Freeze and evolve


Updating The Chilling Stars and Magic Universe

When cosmic rays freeze the world, you’d better evolve

2100 million year-old multicellular fossil found in Gabon. Image: Kaksonen CNRS

Transforming the story of life on the Earth is a report in Nature today about multicellular creatures more than 2 billion years old, at a time when single-celled bacteria supposedly reigned supreme. Fossils you can pick up with your fingers, found in Gabon, West Africa, are far, far older than the multicellular animals that become detectable about 600 million years ago (Ediacaran period) and conspicuous 542 million years in the “Cambrian explosion”. The age is fixed with remarkable precision at 2070 to 2130 million years.

Exterior and interior of a fossil imaged by micro-tomography. Image: El Albani & Mazurier, CNRS

A team of 21 experts from France, Sweden, Denmark, Canada, Germany and Belgium make the report. The lead author is Abderrazak El Albani, at the University of Poitiers, France. He tells Agence France Press that “More than 250 specimens have been found so far. They have different body shapes, and vary in size from one to 12 centimetres.”

What excites me about the discovery is that here was a far-reaching evolutionary response to the rise of oxygen in the Earth’s atmosphere beginning more than 2000 million years ago. It occurred in the aftermath of a planet-wide freeze for which there is a cosmic explanation.

Chapter 6 in The Chilling Stars includes the story of “Snowball Earth” events. Here are some extracts.

In 1986, George Williams and Brian Embleton in Australia used the magnetism in grains of iron oxide dropped from ancient ice to show that they were released within a few degrees of the Equator. A few years later, Joseph Kirschvink of the California Institute of Technology confirmed this result in magnetism associated with other rock formations in Australia produced by ice action, and well dated as 700 million years old. He called it ‘bullet-proof evidence’.

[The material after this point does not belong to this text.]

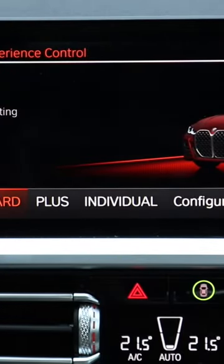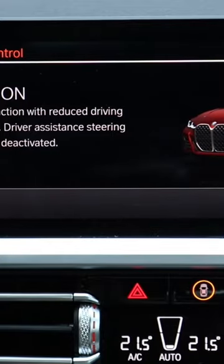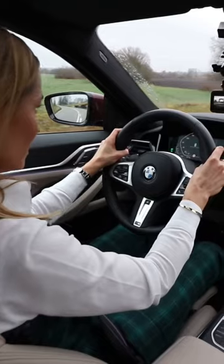Sport mode, traction control into sport. There you go, foot on the brake, foot on the throttle. Let's warm you up and off we go.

It now seems clear that these extensive, sea-level deposits … were formed by widespread continental glaciers which were within a few degrees of the equator. The data are difficult to interpret in any fashion other than that of a widespread, equatorial glaciation.”

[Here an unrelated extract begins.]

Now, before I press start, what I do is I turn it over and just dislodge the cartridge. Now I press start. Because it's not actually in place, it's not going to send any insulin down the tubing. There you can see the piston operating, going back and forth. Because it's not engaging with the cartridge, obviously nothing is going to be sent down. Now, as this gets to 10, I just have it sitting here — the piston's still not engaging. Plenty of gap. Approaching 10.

Kirschvink invented the name Snowball Earth for that dire climatic state. You have to visualise ice sheets, glaciers and frozen seas even at the Equator itself. The degree of ocean freezing is still debated. Some investigators imagine vistas of ice a kilometre thick or more, others prefer a ‘slushball’picture with drifting sea ice and icebergs. Either way the impact on life was severe.

Evidence from all the world’s continents unpacks into about three separate snowball episodes in the interval 750 to 580 million years ago. Worms that survived by scavenging the sea-bed detritus evolved the body-plans that made possible the explosion of animal life mentioned in the previous chapter, when the world became reliably warmer again in the Cambrian Period that started 542 million years ago.

Those cold Neo-Proterozoic times, as geologists call them, were not the only occasion of such radical events involving ice and evolution. By the end of the 20th century, geologists had amassed evidence from South Africa, Canada and Finland that confirmed two Snowball Earth episodes between 2,400 and 2,200 million years ago, in Palaeo-Proterozoic times. Our planet was then only half its present age.